ABOUT THIS TASK: Your answer should hold exactly the lines below from the line with "[Nova Jewelry]Hollow Design" through the line with "Panthers #53 Brian", both included, and no pictures at all.

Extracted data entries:
____

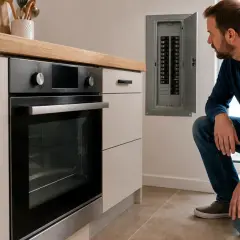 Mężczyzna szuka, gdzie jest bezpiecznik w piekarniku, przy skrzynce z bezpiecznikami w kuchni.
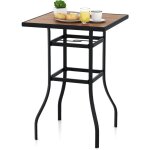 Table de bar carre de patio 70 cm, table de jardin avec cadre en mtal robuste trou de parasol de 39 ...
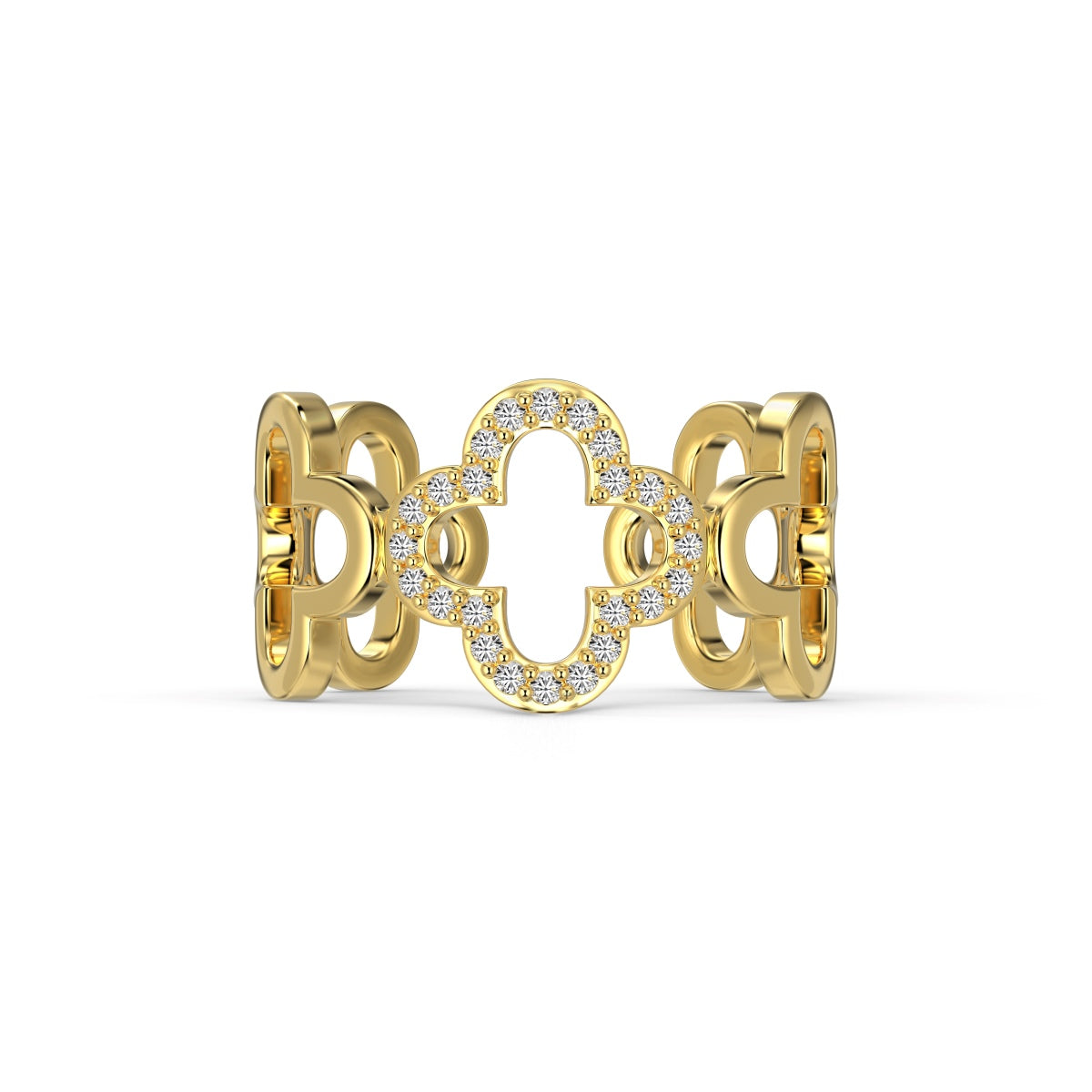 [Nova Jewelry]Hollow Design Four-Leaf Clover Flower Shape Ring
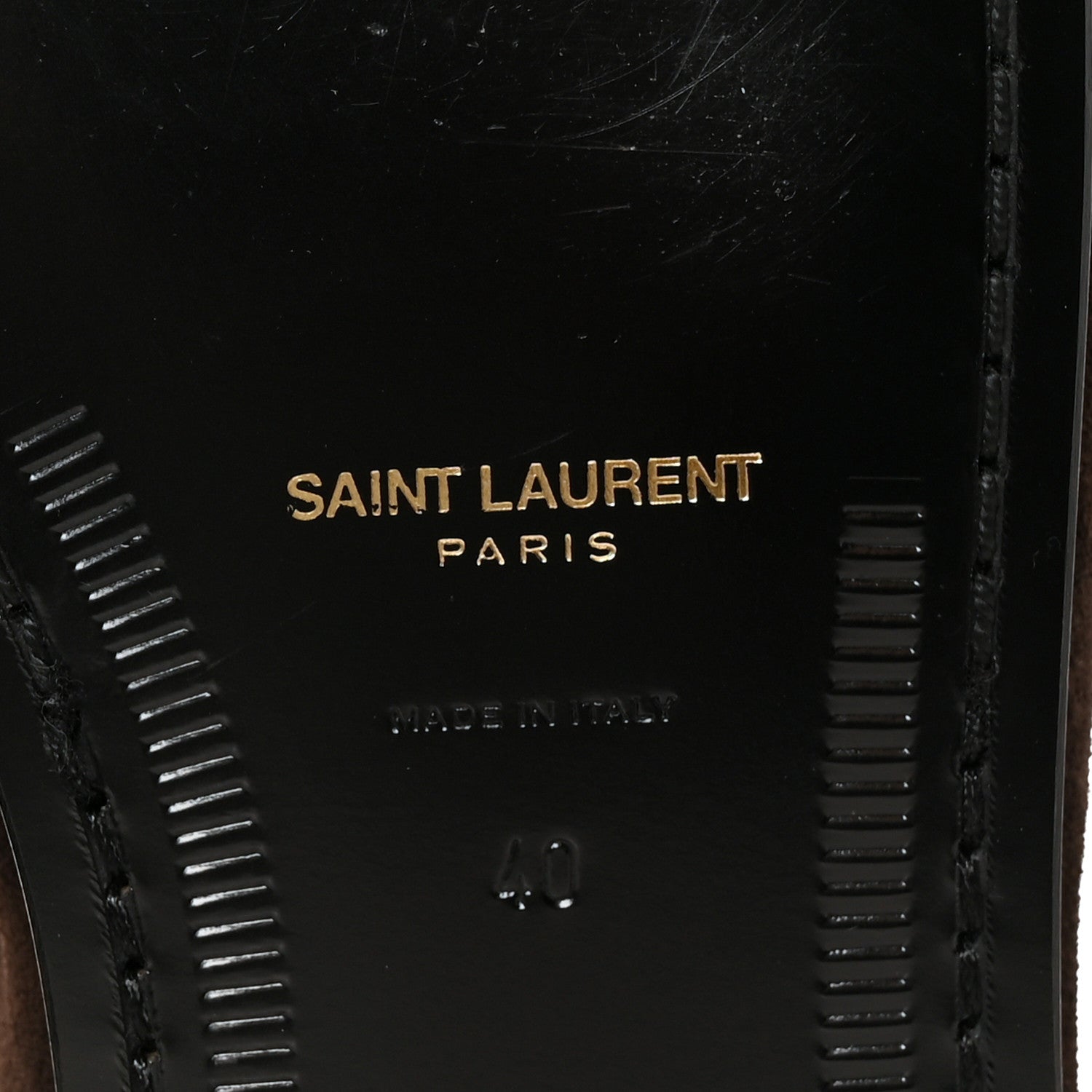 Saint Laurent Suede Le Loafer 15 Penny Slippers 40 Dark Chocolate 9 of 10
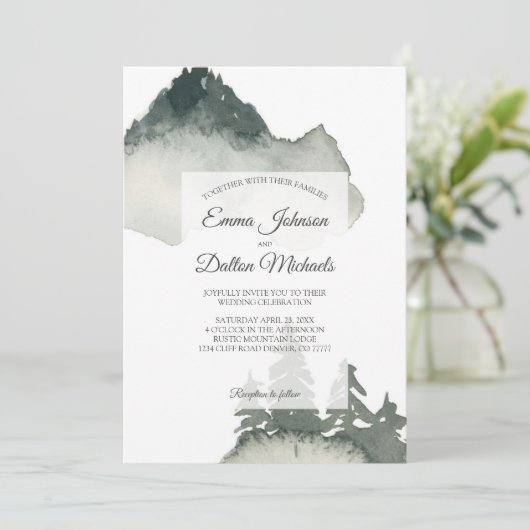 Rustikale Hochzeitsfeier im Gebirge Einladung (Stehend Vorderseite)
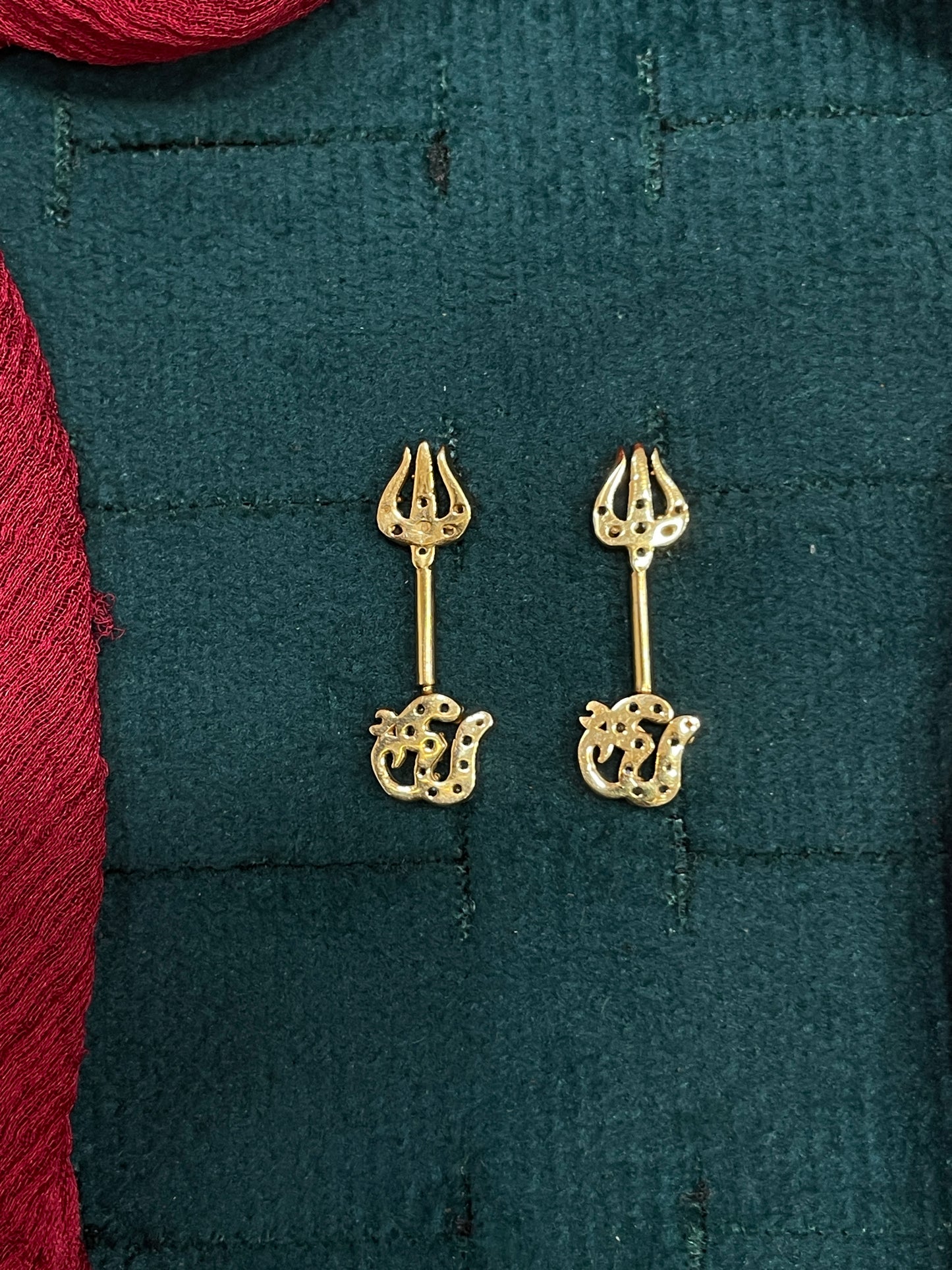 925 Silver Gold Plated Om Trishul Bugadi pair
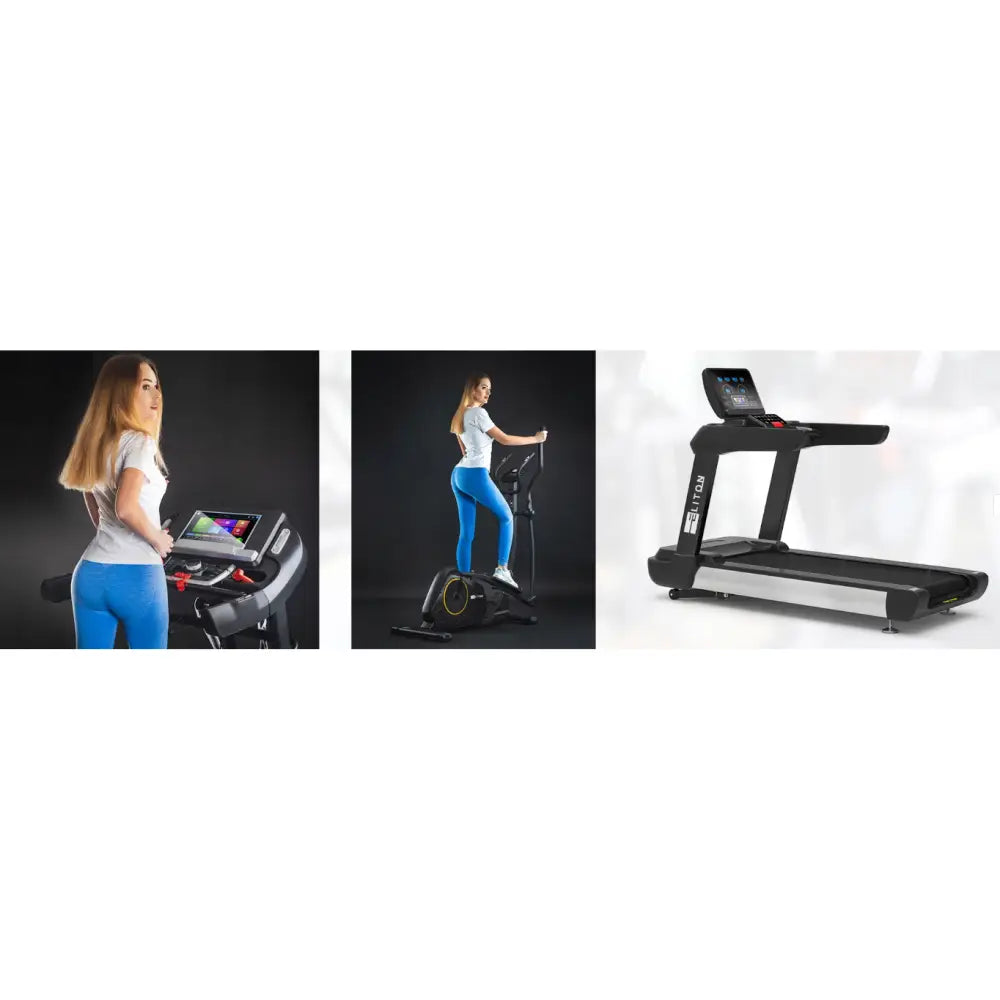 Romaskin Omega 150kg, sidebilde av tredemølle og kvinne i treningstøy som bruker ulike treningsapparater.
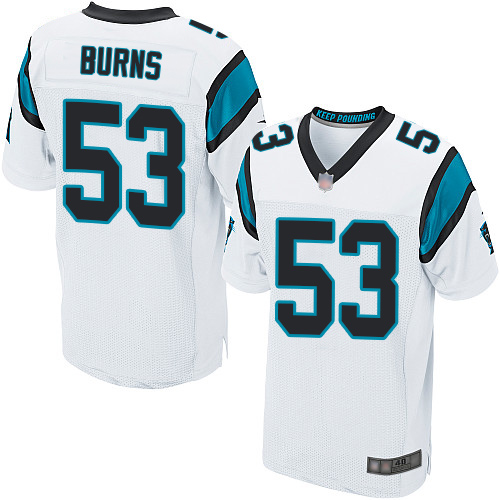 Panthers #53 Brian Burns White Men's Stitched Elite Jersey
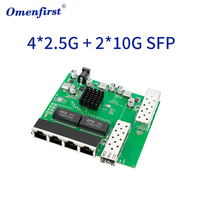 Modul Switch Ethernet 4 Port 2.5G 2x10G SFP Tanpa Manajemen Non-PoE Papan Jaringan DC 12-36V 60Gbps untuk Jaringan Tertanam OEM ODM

____

OUTPUT FOR THIS TASK:
 [Nova Jewelry]Hollow Design Four-Leaf Clover Flower Shape Ring
 Saint Laurent Suede Le Loafer 15 Penny Slippers 40 Dark Chocolate 9 of 10
 Rustikale Hochzeitsfeier im Gebirge Einladung (Stehend Vorderseite)
 925 Silver Gold Plated Om Trishul Bugadi pair
 Romaskin Omega 150kg, sidebilde av tredemølle og kvinne i treningstøy som bruker ulike treningsapparater.
 Panthers #53 Brian Burns White Men's Stitched Elite Jersey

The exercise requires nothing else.